Irregular grids

(L) [2017/06/07] [ost by ziu] [Irregular grids] Wayback!

Hey,
That was a really interesting publication! You have, what seems to me, to be excellent rendering performance. Still it would be interesting to profile your build times to see where are the bottlenecks in the algorithm for each scene. You can probably easily get this data off something like nvprof. San Miguel in particular is an interesting scene to study since it has a lot of dissimilar sized triangles. Sponza, Conference, Crown, and Fairy Forest, should have similar characteristics. If enough time is spent on the initial uniform grid construction, on scenes with dissimilar sized triangles, a different construction algorithm with better workload distribution among threads might be warranted. Looking at Figure 5 in your paper the grid construction time seems to be ~40% of total construction time in your algorithm. In our experience this can be made up to 9x faster with a more scalable algorithm.
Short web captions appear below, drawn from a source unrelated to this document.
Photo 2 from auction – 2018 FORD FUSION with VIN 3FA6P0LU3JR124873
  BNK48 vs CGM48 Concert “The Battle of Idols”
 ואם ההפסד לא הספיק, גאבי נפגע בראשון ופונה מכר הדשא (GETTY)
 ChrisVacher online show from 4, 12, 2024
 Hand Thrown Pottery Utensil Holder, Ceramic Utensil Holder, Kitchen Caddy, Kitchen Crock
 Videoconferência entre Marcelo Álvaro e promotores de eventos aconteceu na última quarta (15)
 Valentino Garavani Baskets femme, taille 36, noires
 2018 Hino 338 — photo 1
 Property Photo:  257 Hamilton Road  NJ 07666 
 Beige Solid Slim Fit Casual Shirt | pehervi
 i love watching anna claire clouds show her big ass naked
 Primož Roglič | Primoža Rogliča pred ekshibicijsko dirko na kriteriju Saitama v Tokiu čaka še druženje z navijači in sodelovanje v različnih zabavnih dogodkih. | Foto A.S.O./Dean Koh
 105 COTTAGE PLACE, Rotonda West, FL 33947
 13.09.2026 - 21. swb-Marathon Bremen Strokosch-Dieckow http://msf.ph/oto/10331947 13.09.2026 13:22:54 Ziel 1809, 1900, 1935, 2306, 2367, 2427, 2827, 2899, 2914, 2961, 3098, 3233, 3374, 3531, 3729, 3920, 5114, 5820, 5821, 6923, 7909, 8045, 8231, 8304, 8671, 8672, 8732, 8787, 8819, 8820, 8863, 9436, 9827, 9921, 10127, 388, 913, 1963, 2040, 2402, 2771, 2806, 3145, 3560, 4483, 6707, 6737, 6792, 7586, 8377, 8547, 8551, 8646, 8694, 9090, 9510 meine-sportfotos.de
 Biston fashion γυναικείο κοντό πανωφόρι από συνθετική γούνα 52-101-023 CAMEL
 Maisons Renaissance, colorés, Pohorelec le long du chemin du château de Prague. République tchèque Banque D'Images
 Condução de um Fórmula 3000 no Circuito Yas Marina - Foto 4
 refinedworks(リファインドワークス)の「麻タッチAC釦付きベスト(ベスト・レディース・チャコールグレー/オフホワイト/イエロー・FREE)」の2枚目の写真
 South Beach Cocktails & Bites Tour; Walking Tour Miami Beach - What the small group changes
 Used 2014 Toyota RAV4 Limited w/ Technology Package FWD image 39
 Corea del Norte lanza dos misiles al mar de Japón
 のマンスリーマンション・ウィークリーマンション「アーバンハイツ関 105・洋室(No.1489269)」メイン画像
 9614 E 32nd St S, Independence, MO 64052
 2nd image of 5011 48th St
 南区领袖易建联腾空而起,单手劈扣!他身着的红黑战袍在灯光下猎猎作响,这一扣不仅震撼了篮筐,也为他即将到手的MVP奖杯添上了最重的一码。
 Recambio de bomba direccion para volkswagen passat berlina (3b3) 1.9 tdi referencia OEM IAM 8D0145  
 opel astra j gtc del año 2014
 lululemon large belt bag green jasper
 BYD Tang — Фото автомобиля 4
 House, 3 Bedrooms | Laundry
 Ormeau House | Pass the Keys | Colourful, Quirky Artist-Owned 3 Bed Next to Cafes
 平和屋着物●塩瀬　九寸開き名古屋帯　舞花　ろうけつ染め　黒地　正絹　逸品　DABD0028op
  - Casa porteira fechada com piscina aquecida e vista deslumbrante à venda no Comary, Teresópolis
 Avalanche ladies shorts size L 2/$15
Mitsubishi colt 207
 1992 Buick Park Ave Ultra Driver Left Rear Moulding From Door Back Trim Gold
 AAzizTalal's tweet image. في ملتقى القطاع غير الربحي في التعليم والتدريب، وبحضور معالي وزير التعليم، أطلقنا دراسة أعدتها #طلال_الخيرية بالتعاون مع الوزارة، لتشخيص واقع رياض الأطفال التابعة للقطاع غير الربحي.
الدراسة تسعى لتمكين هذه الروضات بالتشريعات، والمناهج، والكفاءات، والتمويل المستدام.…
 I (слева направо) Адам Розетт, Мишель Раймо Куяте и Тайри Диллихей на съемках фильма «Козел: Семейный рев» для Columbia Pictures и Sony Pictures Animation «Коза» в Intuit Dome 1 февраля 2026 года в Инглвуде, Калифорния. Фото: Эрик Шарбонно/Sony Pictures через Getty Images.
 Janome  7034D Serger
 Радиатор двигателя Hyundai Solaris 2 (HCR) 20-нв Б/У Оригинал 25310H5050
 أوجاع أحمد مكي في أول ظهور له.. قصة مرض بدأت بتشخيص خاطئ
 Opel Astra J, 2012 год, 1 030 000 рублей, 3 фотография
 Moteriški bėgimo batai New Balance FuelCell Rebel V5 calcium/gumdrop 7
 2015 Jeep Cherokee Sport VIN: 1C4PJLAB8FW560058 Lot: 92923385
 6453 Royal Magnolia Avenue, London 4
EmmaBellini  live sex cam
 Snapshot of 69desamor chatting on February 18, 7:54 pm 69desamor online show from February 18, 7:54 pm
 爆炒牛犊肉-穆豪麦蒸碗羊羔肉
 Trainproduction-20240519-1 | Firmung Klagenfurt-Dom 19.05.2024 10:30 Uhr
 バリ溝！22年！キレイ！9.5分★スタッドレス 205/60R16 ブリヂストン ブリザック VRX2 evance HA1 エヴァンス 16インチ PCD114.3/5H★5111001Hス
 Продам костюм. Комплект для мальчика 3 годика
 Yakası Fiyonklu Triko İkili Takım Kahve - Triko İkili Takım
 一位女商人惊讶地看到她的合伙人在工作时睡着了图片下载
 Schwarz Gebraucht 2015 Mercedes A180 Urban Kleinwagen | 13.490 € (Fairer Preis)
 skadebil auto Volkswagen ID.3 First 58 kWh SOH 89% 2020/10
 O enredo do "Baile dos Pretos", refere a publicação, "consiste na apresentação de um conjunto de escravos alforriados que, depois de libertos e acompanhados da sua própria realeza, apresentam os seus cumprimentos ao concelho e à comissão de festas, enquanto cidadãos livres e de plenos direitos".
We also made the CUDA source code from our paper available, in the MIT license, on Github here in case you're interested: [LINK https://github.com/vcosta/cuda-grid] . In case you want to understand the algorithm just look at Figures 2,3,4 in our paper: [LINK https://www.academia.edu/13928983/Efficient_Grid_Construction_on_Streaming_Architectures] . It's totally parallel and uses no atomics whatsoever.

(L) [2017/06/08] [ost by ziu] [Irregular grids] Wayback!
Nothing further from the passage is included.